Thursday was also Lott's birthday, but since he's now vaguely responsible (as are apparently most of his friends that are not residing on his couch), the actual party had been pushed off till Friday. And Friday night didn't disappoint, as some 30 of us filed into Liz' apartment, overlooking Pudget Sound and the Olympic mountains, in time for sunset and focused on grilled things and champagne mixed with Eldeflower liquor. Yeah, Eldeflower - I'd never heard of this French concoction before either, but it's quite good. Especially with champagne and a couple raspberries...

By 10 o'clock Saturday morning, the champagne was mostly gone from my system, so I figured it was a good time to be active and play frisbee. 30 minute bike ride to the field up at Greenlake included.

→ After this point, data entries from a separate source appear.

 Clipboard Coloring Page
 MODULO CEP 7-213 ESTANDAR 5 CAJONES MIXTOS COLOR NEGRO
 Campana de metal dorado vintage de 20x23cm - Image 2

Downhill almost the entire way there - yeah! Uphill on the way back... not so good, especiaully after running for two hours... but I am trying to get back in shape, I suppose? Lott was apparently far enough over the champagne by 10AM to play frisbee too, perhaps not far enough to be willing to bike there though... so he showed up by car, 15 minutes after me.

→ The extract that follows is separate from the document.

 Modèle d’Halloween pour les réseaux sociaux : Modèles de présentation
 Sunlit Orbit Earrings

Saturday night, it was time to see more friends I hadn't seen for a better part of 18 months as we were off to Jon and Janna's house for potluck, featuring Jon's smoker (smoked tuna and trout!) and high tech oven contraption in their newly remodeled kitchen - roast beef! They live just a couple of miles away from my old townhouse, so, as an added bonus, I got to see the old neighborhood. And record that not much seems to have changed, except that my former condo complex appears to have a lot of units up for sale. Remaining glad to have sold when I did. Back to roast beef, etc. - amazingly good food makes it easy to justify running and biking for three hours earlier the same afternoon... even if my knee didn't seem to agree entirely...

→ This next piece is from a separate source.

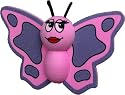 Cute Pink Butterfly Car Aerial Ball Antenna Topper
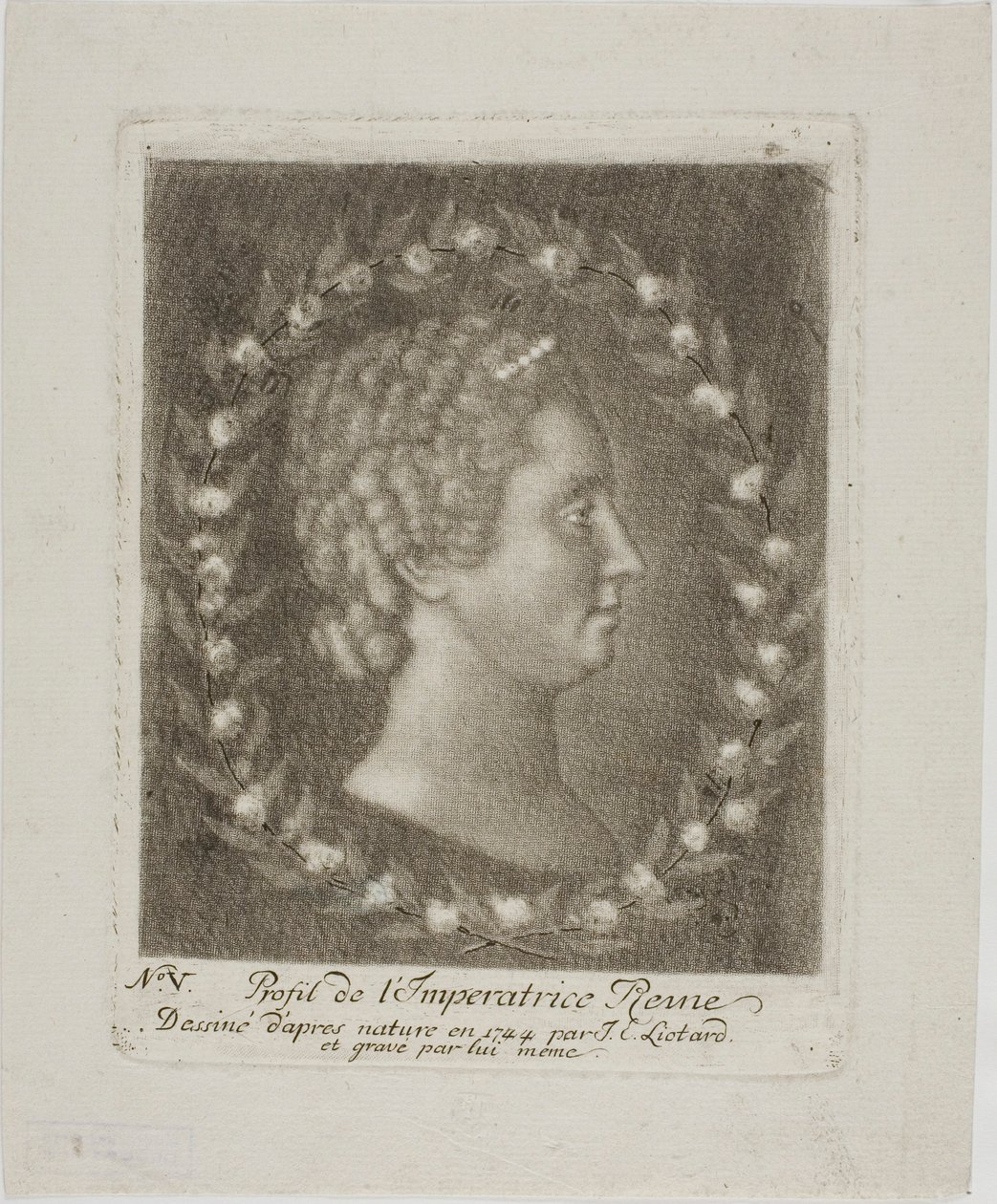 Retrato da rainha Maria Teresa de Jean Étienne Liotard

Ignoring the said knee on Sunday, I was up before 7 and meeting up with Lott and Megan to go on a 15 mile hike to the Necklace Valley Lakes. It's a pretty hike (rated a 10 on the scenery scale according to a guide book Megan had) and it is an agreeably short distance from Seattle. This one also deserves pictures - I wasn't really going to go an entire post without any pictures, whether I'm in some exotic part of the world or not:

Lott excited to be out in the wilderness. Also pictured: equally exciting bridges on the hike

Megan leading the way up

And after gaining about 2,500ft in 2.2 miles, we finally reached the first of the lakes! I kept thinking about just how much more convenient the metric system is - there's five thousand and how many feet in a mile again...?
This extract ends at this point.